To understand why, it is necessary to know only one fact: A convert to Judaism must accept upon himself the mitzvot of the Torah. Without that acceptance, the formal procedures that follow - circumcision, immersion in a mikve, etc. - are meaningless.
Maimonides states the matter clearly: 'When a gentile wishes to enter the covenant, and dwell under the wings of the Divine Presence, and accept upon himself the yoke of the Torah, then he needs circumcision and immersion..." Acceptance of the mitzvot is the necessary precondition for the procedures that follow.

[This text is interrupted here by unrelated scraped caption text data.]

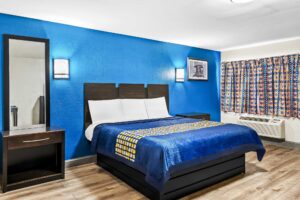 King bed, night stands, mirror, art image, wall bedside lights, laminate flooring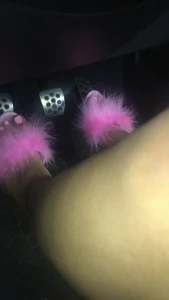 Pedal pumping in pink fluffy heels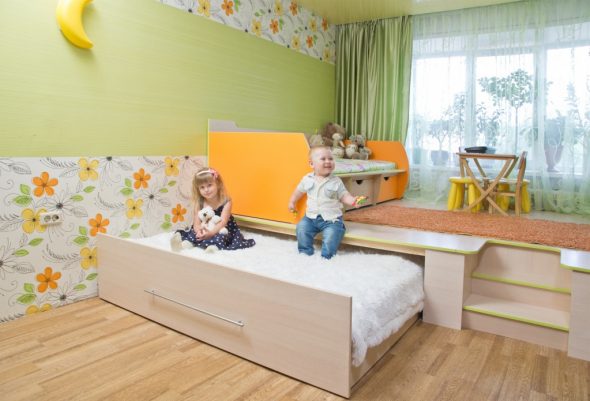 Children's bed-podium with a place to play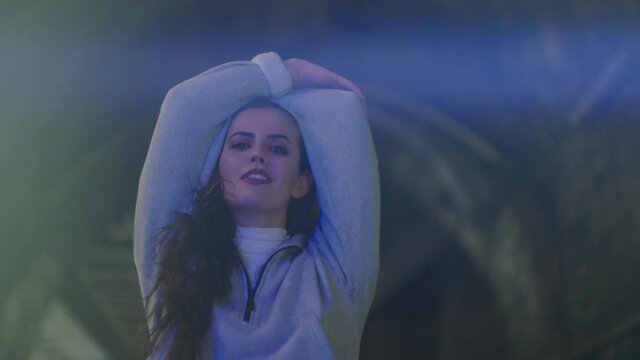 Portrait of smiling woman with arms raised, London, UK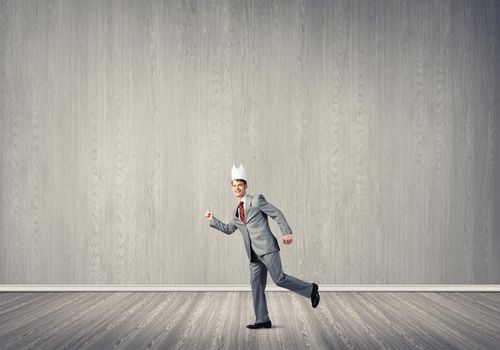 Young handsome businessman wearing white paper crown running in a hurry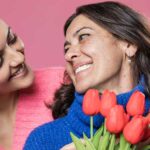 Mother and daughter smiling at each other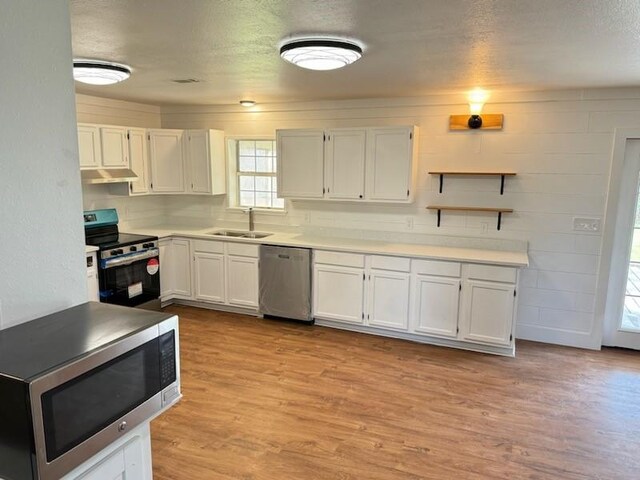 kitchen featuring stainless steel appliances, a sink, white cabinetry, light wood-type flooring, and open shelves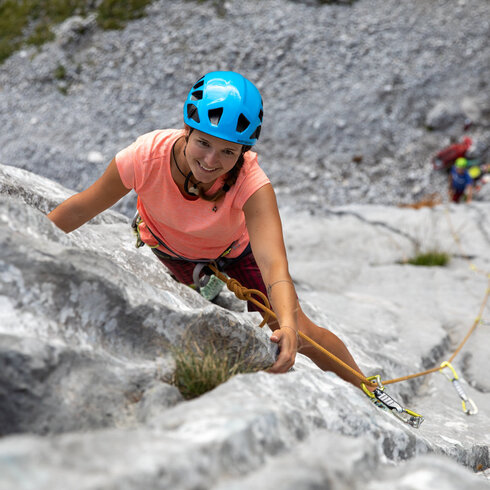 Eine Frau klettert an einer Felswand, trägt einen blauen Helm und ist in voller Kletterausrüstung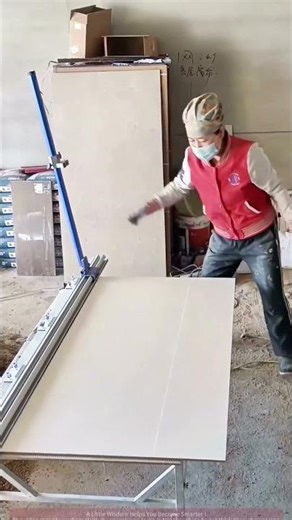 Large tile cutting demonstration, workers skillfully operating the cutting machine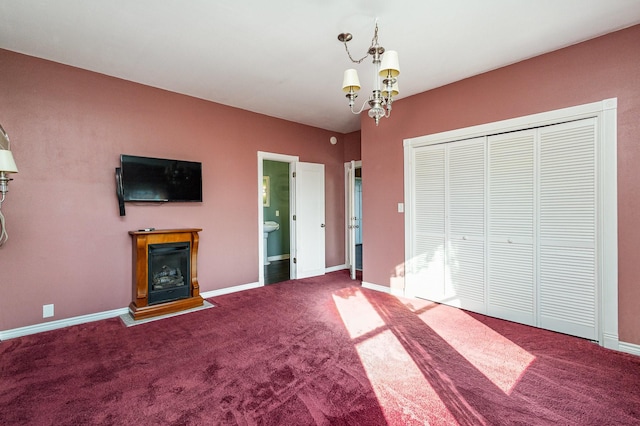 unfurnished bedroom with carpet flooring, a closet, and a chandelier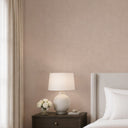 Taupe wallpaper with a plaster-inflected linen texture and pebble-like weave. Suitable for feature walls or cozy living rooms, providing a warm, earthy backdrop. The high-quality material is washable and requires wallpaper adhesive for a durable finish.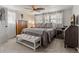 Cozy primary bedroom with a comfortable bed, natural light, and neutral decor at 7909 Canna Dr, Port Richey, FL 34668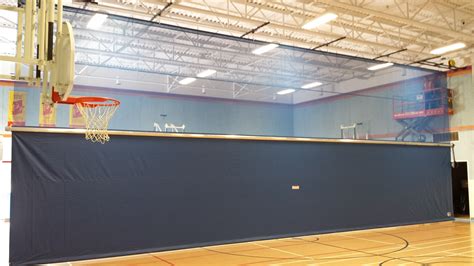 Installing a New Gym Divider Curtain for St. Gregory Catholic School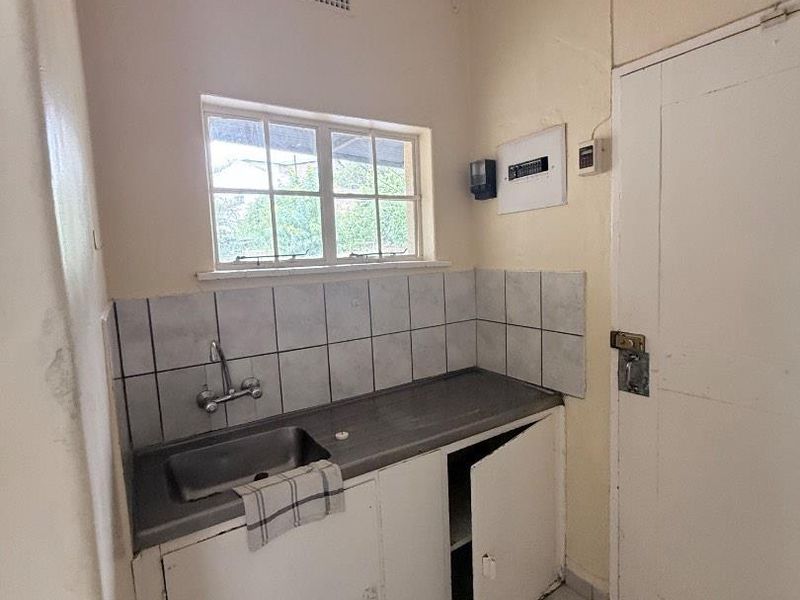 A functional laundry area featuring a stainless steel sink, tiled splashback, and built-in cabinetry, requiring minor cosmetic updates.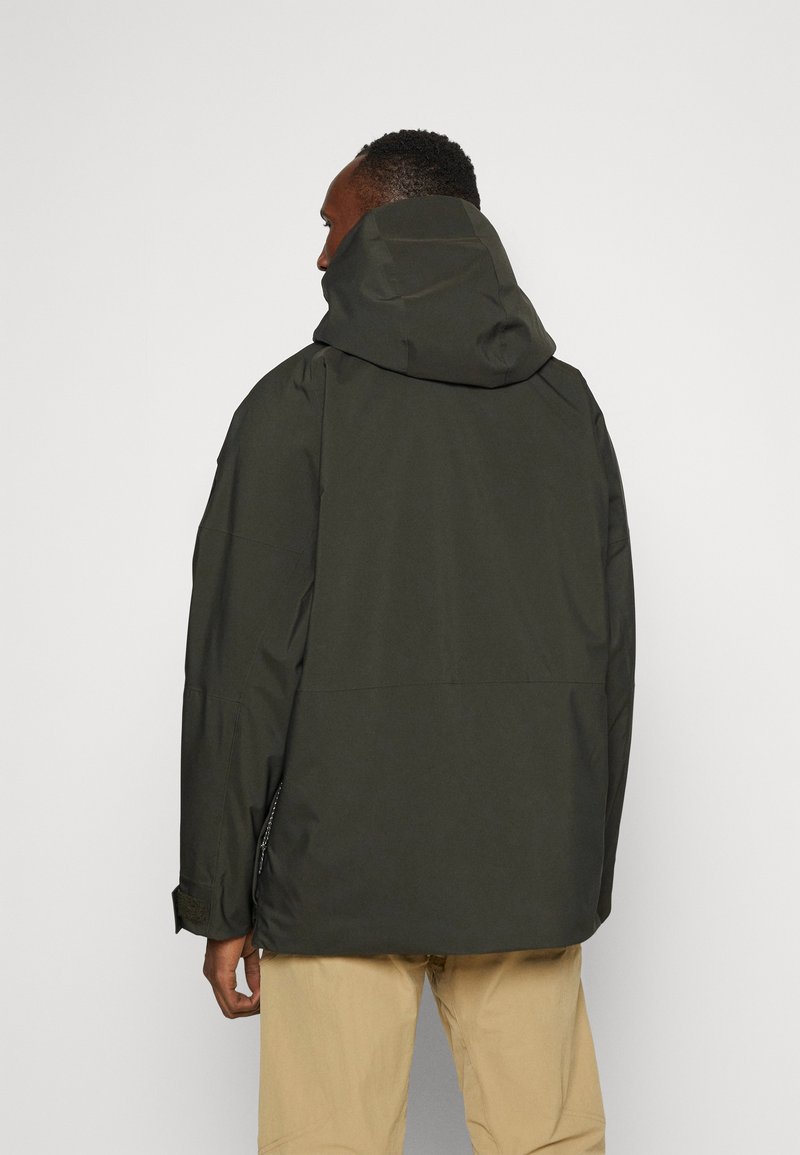 Chaqueta con capucha de un verde oscuro y corte relajado, con una textura suave y un cordón ajustable en la capucha. Vista trasera.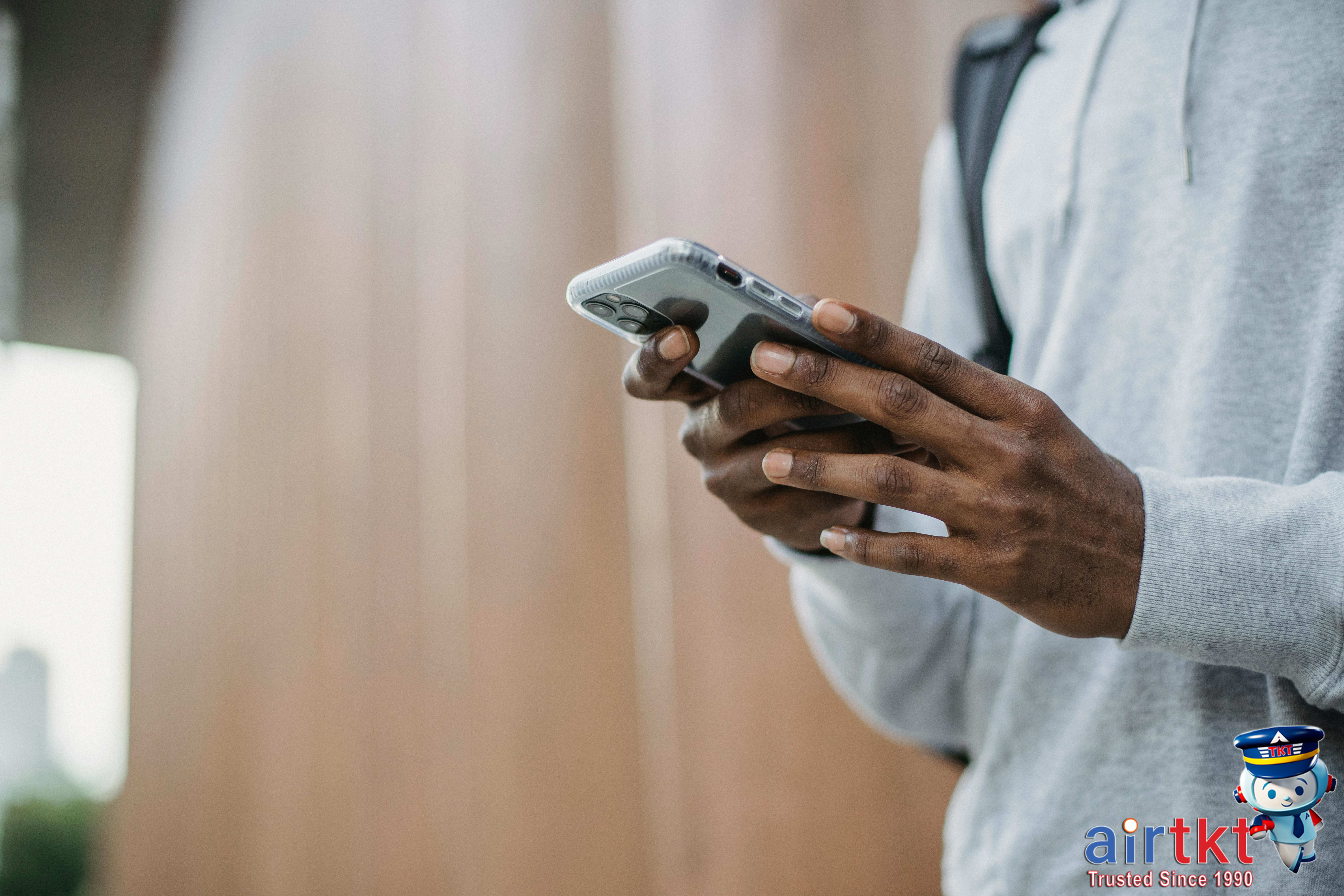 Traveler completing online check-in on mobile device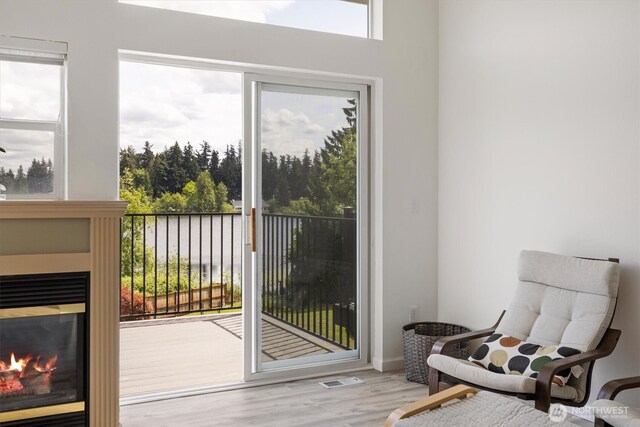 2311 Milton Way Unit E, Milton, WA 98354 - entryway featuring a glass covered fireplace and wood finished floors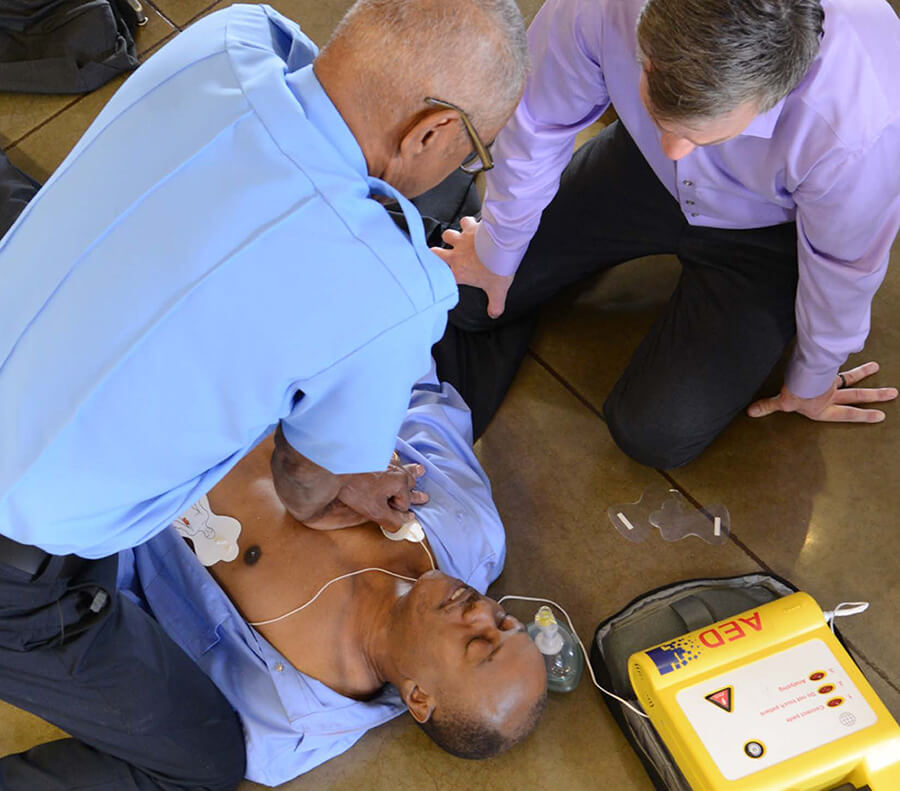 Paramedic using AED on man with bystander watching image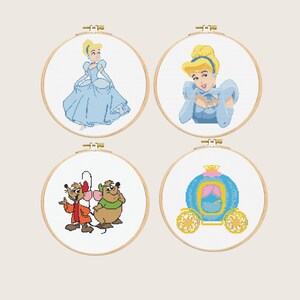 Op de afbeelding: Vier borduurringen met kruissteek met Assepoester-personages. De ontwerpen omvatten Assepoester in een blauwe jurk, Assepoester met gevouwen handen, twee muizen in rode en groene outfits en een blauwe koets met gouden wielen.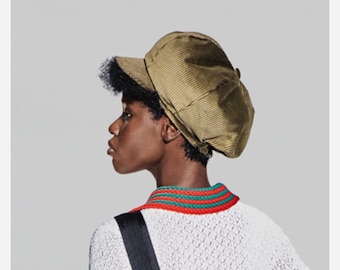 May include: A person wearing a white knitted sweater with red and green stripes around the collar, a brown corduroy newsboy cap, and a black strap across their shoulder.
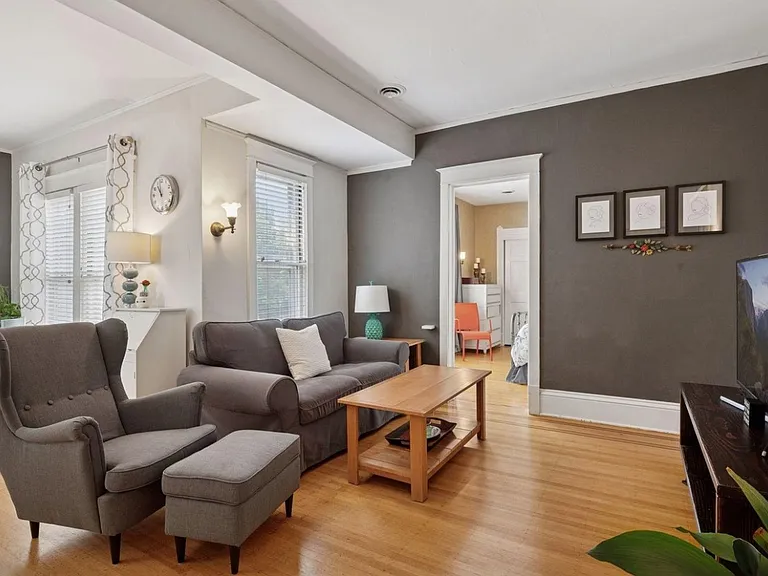 Spacious living room. Great condition hardwood floors, neutral paint colors.
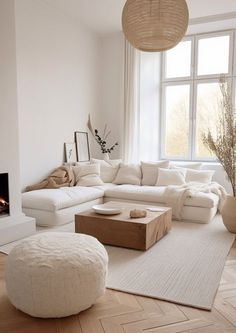 a living room filled with furniture and a fire place in front of a large window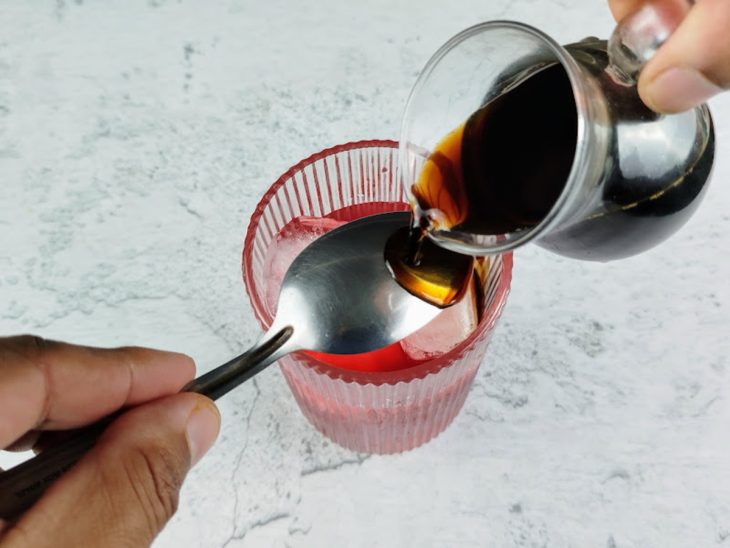 Café sendo adicionado ao copo com o auxílio de uma colher.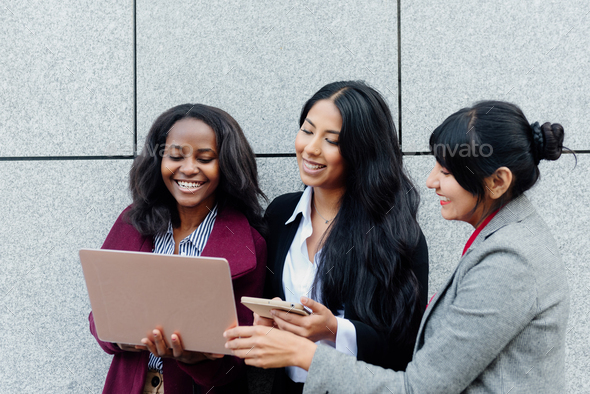 three cheerful multiracial business women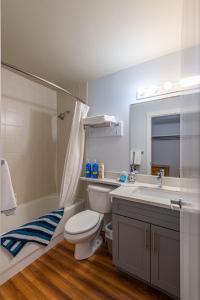 ein Badezimmer mit Toilette, Waschbecken und Spiegel in der Unterkunft 4 Bedrooms Suite Combo for Group of Families - Windtower Lodge in Canmore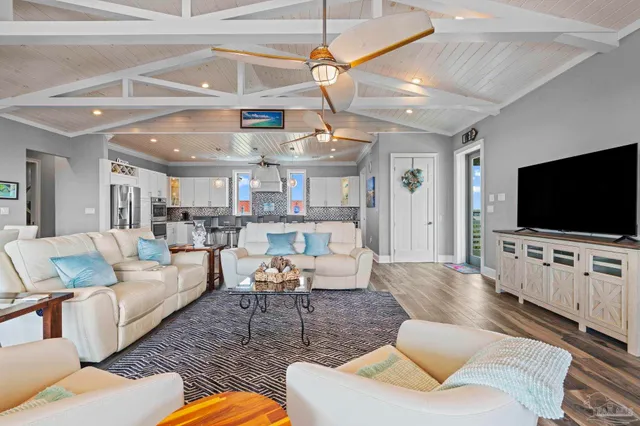 a living room with furniture kitchen view and a flat screen tv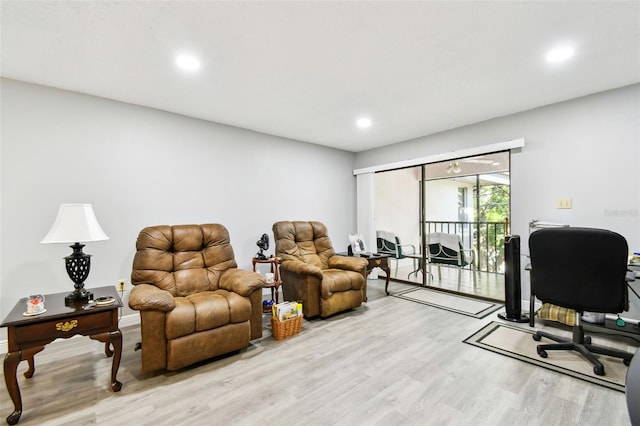 office with light wood-type flooring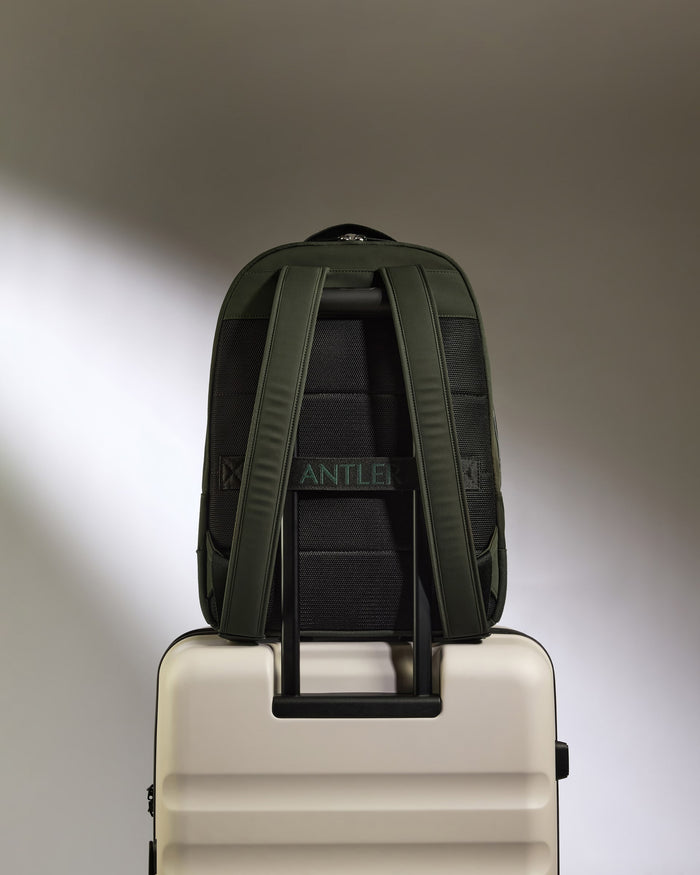 a backpack on top of a white suitcase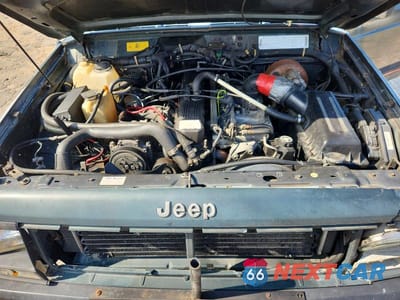 Zdjęcie 12 z 13 samochodu: 1994 JEEP CHEROKEE SPORT VIN:1J4FJ68SXRL148162 - miniatura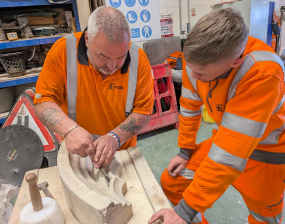 A photograph of two Stonemasons working
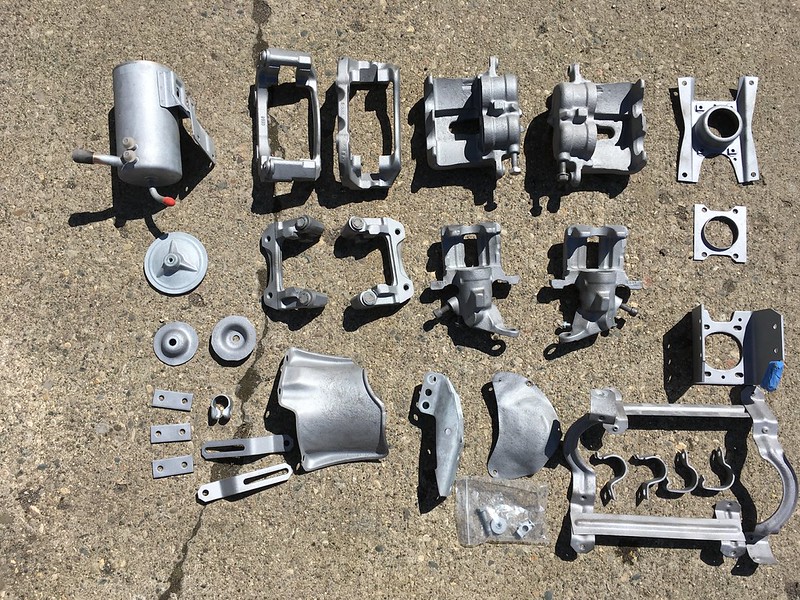 An assortment of shiny, silver automotive parts arranged on a concrete surface, including brackets, casings, and connectors.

Even in theory, both the Conservative and Reform movements reject, in one way or another, the binding authority of Halacha. For Neil Gilman, a professor of theology at the (Conservative) Jewish Theological Seminary, a binding mitzva is whatever a particular individual chooses to recognize as binding at a given moment in time.
And for Reform theologians, like Eugene Borowitz, the very idea of mitzva, which binds a Divine Commander to the one who is commanded, is anathema. Borowitz recognizes the individual conscience as the only valid guide and rejects all external authority: 'As long as we do not establish our own standards of conduct, we are not autonomous ethically, not fully mature."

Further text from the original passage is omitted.